Cross sectional TEM images were obtained from two different samples to illustrate the above results. In the first case the sample used was PAA/S-15 min and the process was stopped before the final current increase in the anodization curve. In the second case the sample PAA/S-30 min was used and the process continued for some time after the current increase initiation. The corresponding cross sectional TEM image and electron diffraction pattern showed the following behavior:

Sample PAA/S-15 min, end of process before the final abrupt increase in the anodization current

The corresponding results are shown in Figure 6. In (a) and (b) we see the cross sectional bright field TEM images, while in (c) the corresponding electron diffraction pattern. In panel (a) we reveal the Si substrate (indicated by 1), a very thin amorphous layer (indicated by 2) and another layer on top (indicated by 3). Within this last layer we identify Al nanocrystals (indicated by (a)) and round shape multi-phase clusters, containing different phases of Pt, Al and Si. This means that in this sample the Al film is not fully transformed into Al₂O₃, but some Al nanocrystals still remain.
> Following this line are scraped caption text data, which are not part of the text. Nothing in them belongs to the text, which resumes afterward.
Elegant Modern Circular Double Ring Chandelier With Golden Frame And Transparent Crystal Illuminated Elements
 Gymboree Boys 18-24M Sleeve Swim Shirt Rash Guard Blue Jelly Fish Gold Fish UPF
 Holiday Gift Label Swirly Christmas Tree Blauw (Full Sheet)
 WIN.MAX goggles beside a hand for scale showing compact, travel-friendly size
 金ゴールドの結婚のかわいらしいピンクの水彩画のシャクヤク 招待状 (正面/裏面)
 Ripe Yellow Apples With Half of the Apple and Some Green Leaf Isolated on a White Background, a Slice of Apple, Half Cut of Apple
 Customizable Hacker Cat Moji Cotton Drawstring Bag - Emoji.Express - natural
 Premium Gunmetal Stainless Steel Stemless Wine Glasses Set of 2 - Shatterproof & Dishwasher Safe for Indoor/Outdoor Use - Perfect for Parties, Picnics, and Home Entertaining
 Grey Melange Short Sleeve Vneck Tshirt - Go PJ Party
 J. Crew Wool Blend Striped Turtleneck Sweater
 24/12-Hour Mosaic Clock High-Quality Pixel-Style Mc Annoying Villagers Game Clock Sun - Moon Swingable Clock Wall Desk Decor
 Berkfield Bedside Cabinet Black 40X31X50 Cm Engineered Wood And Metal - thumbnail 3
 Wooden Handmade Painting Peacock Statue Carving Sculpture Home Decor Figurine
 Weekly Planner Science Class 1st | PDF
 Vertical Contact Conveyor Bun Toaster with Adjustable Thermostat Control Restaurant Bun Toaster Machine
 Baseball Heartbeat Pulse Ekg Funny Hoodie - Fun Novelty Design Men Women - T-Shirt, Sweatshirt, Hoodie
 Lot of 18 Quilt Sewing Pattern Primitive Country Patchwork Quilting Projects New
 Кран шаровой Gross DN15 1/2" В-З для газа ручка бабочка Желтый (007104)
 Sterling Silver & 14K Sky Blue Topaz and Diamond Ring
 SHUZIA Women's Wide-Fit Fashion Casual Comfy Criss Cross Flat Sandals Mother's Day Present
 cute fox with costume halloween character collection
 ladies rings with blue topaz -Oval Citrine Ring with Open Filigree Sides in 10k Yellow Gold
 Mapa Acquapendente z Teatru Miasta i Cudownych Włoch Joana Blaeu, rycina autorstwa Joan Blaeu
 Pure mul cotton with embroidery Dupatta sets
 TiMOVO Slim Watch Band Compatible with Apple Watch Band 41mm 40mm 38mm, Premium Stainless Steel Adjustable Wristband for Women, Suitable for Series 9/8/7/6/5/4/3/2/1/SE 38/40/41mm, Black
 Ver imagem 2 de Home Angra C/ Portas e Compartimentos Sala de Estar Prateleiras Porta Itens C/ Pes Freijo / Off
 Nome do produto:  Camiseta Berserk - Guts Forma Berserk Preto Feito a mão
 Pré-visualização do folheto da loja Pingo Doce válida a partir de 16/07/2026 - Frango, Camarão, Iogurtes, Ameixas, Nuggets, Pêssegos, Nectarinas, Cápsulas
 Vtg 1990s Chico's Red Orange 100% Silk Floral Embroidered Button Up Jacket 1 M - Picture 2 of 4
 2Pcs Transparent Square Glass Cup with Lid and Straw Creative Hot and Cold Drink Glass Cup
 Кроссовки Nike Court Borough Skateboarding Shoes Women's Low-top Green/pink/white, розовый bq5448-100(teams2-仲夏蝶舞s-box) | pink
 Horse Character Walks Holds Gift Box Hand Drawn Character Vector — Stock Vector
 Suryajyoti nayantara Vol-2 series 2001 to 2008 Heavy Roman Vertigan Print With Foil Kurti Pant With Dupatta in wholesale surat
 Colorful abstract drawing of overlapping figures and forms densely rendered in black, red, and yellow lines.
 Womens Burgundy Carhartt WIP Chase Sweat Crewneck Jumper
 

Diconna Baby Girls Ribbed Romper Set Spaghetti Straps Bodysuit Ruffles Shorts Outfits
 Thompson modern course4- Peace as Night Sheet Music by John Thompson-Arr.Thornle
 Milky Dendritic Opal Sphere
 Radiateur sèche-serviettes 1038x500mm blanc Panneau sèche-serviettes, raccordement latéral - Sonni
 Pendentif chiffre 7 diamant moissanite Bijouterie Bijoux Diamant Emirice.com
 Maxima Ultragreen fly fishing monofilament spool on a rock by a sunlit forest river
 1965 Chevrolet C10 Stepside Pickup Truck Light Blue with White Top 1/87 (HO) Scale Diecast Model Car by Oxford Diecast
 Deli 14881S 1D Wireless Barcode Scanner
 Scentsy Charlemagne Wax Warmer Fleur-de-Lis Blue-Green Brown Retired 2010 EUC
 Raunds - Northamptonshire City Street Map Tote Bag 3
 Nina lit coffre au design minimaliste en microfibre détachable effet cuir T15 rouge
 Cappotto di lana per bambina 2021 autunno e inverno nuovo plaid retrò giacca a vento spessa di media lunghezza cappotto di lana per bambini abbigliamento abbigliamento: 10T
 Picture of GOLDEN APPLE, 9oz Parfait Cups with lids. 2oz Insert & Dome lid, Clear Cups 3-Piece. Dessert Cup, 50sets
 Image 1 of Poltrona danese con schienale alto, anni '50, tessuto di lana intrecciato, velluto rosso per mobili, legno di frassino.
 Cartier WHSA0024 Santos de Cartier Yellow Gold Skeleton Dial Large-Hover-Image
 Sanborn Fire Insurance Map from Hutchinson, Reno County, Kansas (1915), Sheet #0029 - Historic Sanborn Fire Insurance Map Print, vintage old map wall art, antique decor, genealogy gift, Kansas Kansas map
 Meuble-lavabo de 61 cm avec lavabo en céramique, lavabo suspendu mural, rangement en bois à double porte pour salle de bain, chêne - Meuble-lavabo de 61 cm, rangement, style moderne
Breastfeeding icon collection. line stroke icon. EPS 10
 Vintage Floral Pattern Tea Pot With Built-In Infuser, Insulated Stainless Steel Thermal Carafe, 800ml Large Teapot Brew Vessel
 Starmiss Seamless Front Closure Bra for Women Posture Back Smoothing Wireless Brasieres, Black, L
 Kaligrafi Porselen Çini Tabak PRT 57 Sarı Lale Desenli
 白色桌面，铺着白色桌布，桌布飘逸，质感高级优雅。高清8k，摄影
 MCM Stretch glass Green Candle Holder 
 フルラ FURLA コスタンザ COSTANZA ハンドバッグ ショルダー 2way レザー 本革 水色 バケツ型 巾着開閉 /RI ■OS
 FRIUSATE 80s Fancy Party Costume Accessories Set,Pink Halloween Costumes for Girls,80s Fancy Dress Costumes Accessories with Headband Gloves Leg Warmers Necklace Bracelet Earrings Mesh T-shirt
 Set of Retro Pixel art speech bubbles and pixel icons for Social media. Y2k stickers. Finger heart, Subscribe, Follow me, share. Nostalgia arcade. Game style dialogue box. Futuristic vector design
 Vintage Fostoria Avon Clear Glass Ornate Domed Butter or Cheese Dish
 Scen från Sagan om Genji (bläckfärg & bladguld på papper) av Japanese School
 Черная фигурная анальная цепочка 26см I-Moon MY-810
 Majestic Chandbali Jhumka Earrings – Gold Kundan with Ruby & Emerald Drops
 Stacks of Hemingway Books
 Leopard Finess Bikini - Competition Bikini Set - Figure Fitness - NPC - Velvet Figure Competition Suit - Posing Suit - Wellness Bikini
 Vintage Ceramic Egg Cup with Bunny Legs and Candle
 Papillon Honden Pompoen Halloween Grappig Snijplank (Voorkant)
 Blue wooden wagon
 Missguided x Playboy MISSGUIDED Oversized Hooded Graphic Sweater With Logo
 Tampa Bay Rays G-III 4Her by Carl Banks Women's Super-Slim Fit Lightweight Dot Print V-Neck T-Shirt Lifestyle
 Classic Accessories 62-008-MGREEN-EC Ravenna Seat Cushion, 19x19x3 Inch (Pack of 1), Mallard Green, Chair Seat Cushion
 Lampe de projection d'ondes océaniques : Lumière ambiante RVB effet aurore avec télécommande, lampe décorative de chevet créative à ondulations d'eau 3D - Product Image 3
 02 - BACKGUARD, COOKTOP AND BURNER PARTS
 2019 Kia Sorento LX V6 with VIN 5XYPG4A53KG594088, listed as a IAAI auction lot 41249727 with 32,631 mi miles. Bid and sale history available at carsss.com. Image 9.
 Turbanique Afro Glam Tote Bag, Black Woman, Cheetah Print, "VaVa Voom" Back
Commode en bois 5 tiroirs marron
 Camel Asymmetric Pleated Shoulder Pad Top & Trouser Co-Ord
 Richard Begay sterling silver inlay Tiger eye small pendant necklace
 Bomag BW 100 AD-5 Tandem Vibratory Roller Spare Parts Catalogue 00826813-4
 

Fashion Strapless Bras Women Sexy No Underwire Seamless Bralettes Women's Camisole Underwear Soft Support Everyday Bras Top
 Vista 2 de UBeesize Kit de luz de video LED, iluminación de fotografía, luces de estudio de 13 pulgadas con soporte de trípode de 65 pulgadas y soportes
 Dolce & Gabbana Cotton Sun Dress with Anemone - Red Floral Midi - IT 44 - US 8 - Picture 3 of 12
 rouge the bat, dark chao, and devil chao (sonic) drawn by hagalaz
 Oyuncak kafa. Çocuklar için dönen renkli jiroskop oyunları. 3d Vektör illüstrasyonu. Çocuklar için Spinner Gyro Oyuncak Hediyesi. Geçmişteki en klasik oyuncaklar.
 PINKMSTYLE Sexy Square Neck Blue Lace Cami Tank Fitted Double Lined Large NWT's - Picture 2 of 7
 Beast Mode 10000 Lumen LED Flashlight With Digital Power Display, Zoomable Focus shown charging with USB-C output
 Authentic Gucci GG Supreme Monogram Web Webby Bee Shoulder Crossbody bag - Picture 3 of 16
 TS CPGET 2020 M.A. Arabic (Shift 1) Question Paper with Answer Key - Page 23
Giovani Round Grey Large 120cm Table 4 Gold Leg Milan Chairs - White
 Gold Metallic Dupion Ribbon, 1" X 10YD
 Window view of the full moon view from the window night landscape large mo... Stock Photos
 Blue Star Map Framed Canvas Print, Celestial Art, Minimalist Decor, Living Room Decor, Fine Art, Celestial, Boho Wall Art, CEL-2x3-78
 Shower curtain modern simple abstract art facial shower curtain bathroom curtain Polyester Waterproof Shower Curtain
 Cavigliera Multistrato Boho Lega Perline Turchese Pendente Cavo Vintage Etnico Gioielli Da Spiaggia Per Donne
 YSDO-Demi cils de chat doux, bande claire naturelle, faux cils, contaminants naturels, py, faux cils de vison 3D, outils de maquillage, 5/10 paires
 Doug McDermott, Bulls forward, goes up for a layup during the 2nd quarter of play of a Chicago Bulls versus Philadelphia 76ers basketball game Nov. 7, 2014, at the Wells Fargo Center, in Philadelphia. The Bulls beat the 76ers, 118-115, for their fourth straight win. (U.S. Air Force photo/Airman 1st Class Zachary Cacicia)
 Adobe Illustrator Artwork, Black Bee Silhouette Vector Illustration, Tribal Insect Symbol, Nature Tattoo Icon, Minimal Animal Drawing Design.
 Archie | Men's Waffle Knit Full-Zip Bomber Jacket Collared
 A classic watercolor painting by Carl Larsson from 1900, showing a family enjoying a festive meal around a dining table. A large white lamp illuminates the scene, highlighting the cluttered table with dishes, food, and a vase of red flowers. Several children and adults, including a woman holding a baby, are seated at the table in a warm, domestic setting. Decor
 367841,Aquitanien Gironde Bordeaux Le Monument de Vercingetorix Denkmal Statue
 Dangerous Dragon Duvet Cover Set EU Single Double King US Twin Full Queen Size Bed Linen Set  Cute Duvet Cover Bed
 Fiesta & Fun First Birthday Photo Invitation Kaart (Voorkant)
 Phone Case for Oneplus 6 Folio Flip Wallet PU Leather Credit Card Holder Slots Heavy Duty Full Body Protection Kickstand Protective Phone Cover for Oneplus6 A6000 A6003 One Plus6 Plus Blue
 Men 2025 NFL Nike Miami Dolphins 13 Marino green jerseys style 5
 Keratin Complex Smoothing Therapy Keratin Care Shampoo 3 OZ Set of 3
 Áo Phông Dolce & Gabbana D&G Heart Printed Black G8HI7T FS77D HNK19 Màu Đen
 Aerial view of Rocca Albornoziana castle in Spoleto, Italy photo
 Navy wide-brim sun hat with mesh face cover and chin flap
From the electron diffraction pattern of panel (c) it was revealed that some of the Al nanocrystals are in very good epitaxial relationship with the Si substrate. In panel (b) the pores of the porous anodic alumina (PAA) are shown in larger magnification, while the inset illustrates the barrier layer at the bottom of the pores.

Sample PAA/S-30 min, end of the process after the final abrupt increase in the anodization current

The corresponding results are shown in Figure 7. At the interface of Pt with Si large nanograins are depicted, as those identified on the surface of sample S-30 min (see panel a). The barrier layer usually observed at each pore bottom is absent above the nanograin and the pores seem to reach directly the grain surface. This explains the appearance of the high leakage current in the anodization curve, which can be attributed to a direct current flow from the electrolyte to the Si surface through the nanograin. The existence of the grains prevents the homogeneous oxidation of the Si surface through the pores at the Al₂O₃/Si interface.